Think about taking him/her out every 20 minutes at first...brrrr!!


----------



## wyldeflower (Aug 11, 2010)

I have had 3 puppys two in may and one in february.The ones i had in may were ok to get out the door whenever they wanted the loo as i kept it open.and i had no problems with either of them.
The one i got in February it was snowing when i got him but i still put him out for the toilet every hour and also used the training pads and within 4 days he was going to the door without a problem and using the pads if he had to at night.
I think it was easier to get the ones in may without a doubt but you cant allways get one to suit so i would play it as it transpires.


----------



## janine (Aug 8, 2009)

Welcome from Frederick, Maryland. Both our boys came home in October, Chester just turned 3 and Murphy is 1. While standing outside in the backyard in the cold night wearing bathrobe and boots might not be for everyone  and not pretty I might add we had no problem with raising puppies in the winter and you know how bad last winter was!!! Both dogs went to puppy classes and after shots went all kinds of places. The park on days that were not to cold, pets stores, home depot, friends homes and yards, the mall on Christmas to have picture taken with Santa  If you find the right breeder and puppy don't wait for it to get warmer. I really think we stayed inside more during this very hot summer than we did last winter with feet of snow on the ground. Good luck...can't wait to see pictures of your pup someday soon.


----------



## solinvictus (Oct 23, 2008)

I brought my puppy home the first week of January. I don't mind the cold. 

The first few nights I wore sweat pants to bed, had slip on shoes ready and a jacket on the door knob. I was very lucky though, he slept through the night after the first night.
In the am instead of hanging out in my sleep wear I immediately got dressed. Then I could take the puppy in and out without to much hassle.
Started out with taking the puppy out on leash to the exact spot I wanted him to go and over the course of time and consistency the pup got very good at going on command. 
Snow just means you have to shovel/blow to make a spot for the pup. We have to do it anyway it just means we will do it sooner rather than later. 
It is all about changing up your routine to fit in with puppy training. 
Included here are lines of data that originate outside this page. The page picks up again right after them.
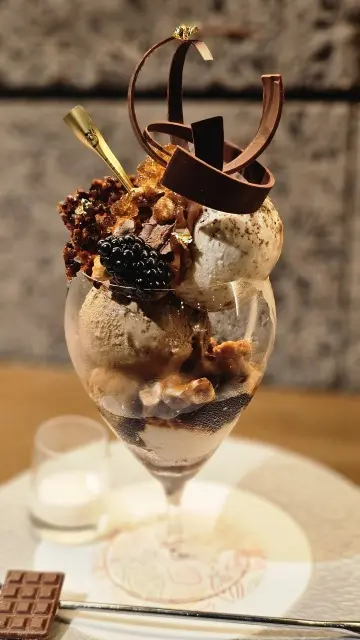 日比谷で芸術的なパフェを頂くの画像_1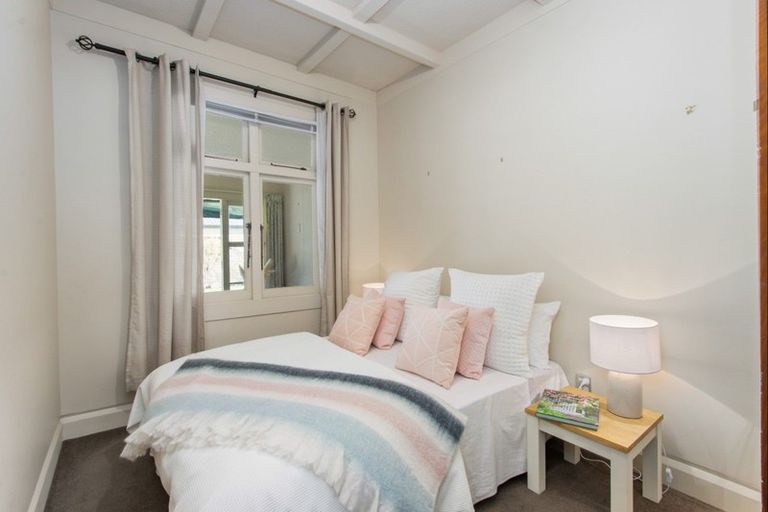 Photo of property in 11 Hyderabad Road, Marewa, Napier, 4110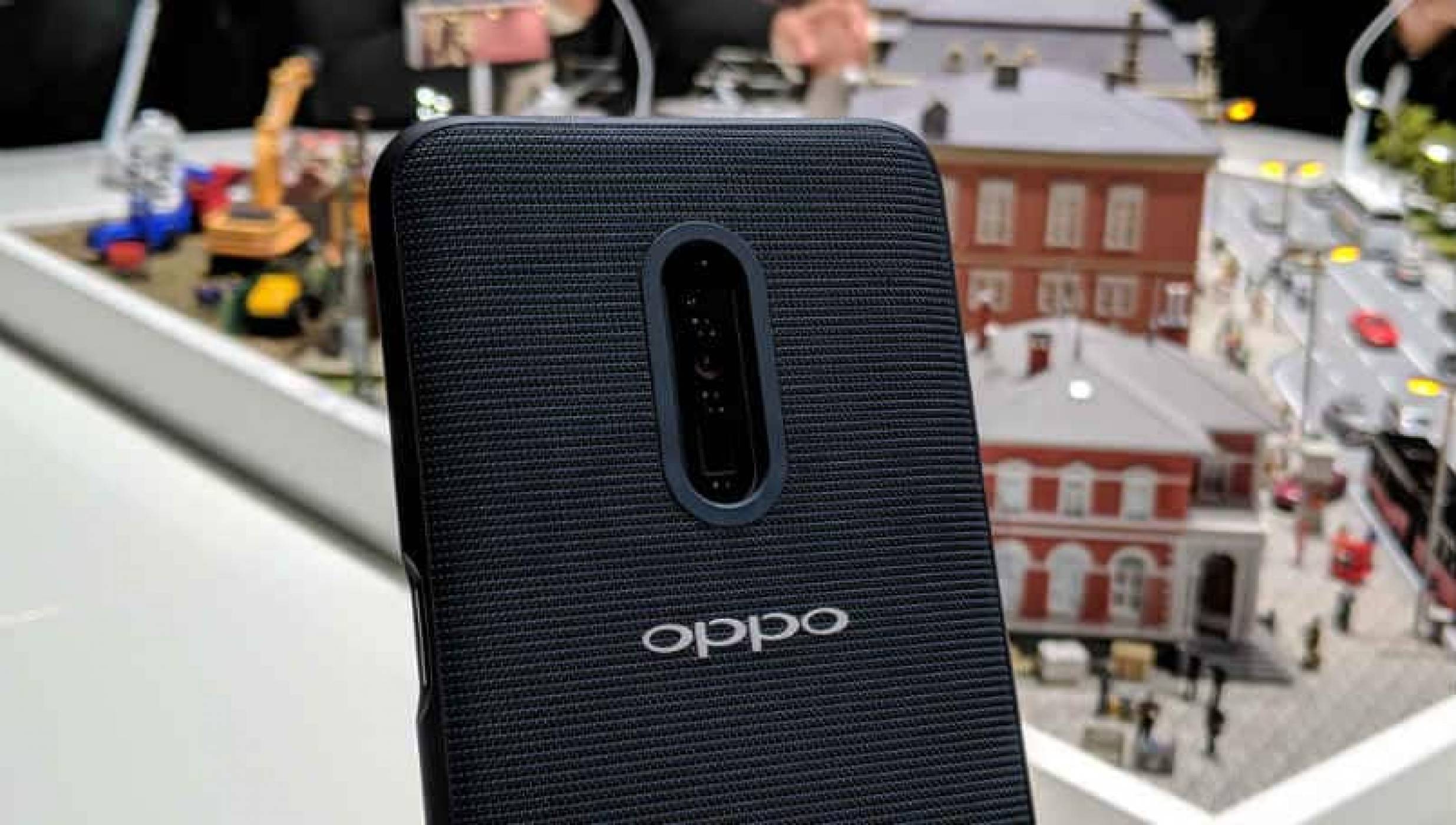 Oppo Reno с 10x увеличение и 5G идва на 24 април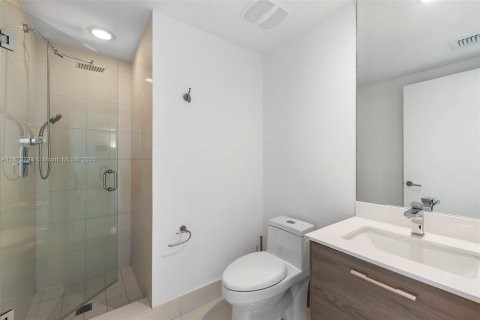 Condominio en venta en Miami, Florida, 2 dormitorios, 80.64 m2 № 1982831 - foto 18
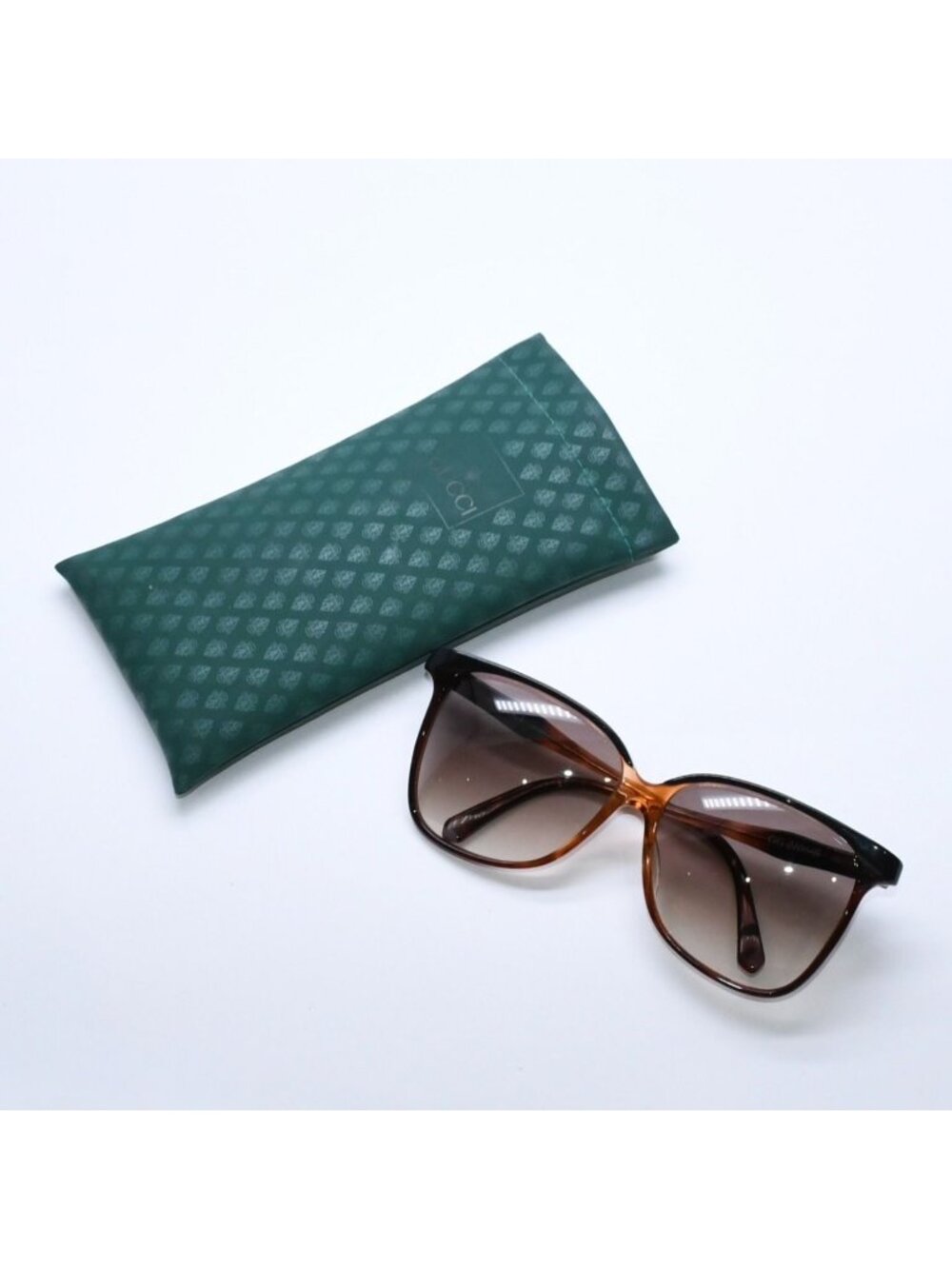 Gucci Teardrop Sunglasses Eyewear Interlocking G S Brown Gold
_I enrolled in puppy kindergarten to follow after he had his second set of shots. I consider socialization very important._

_I made play dates with owners that had other pups/dogs that I knew were healthy._
_I had small puppy parties where I had people come to meet and greet the new pup._
_I asked people to wear funny hats, normal hats, use umbrellas, people using canes etc to greet the pup._
I took him to the outdoor mall often for small walks. There we had the opportunity to meet all kinds of people. We had no problem meeting 100 people by the time he was 3 months old.


----------



## Maxs Mom (Mar 22, 2008)

In some ways I think house breaking in the winter is easier, but not on you. When you take your pup out to go potty they don't want to stay out long either so they do their business faster. 

One thing I was told, was no matter what take your pup out to go potty, then take it back inside even if only for a moment THEN go back out to play. You do not want them to think potty time is play time. 

I have house trained a LOT of dogs in winter months, got Max in Feb, Quinn in Dec, Teddi in Dec, Shadow in Dec, most of my pups have a strong understanding of what they are to do within one week of coming home. No they are not foolproof but the know to try to go outside, I just have to watch for them to signal me and that can be very subtle in a little pup. 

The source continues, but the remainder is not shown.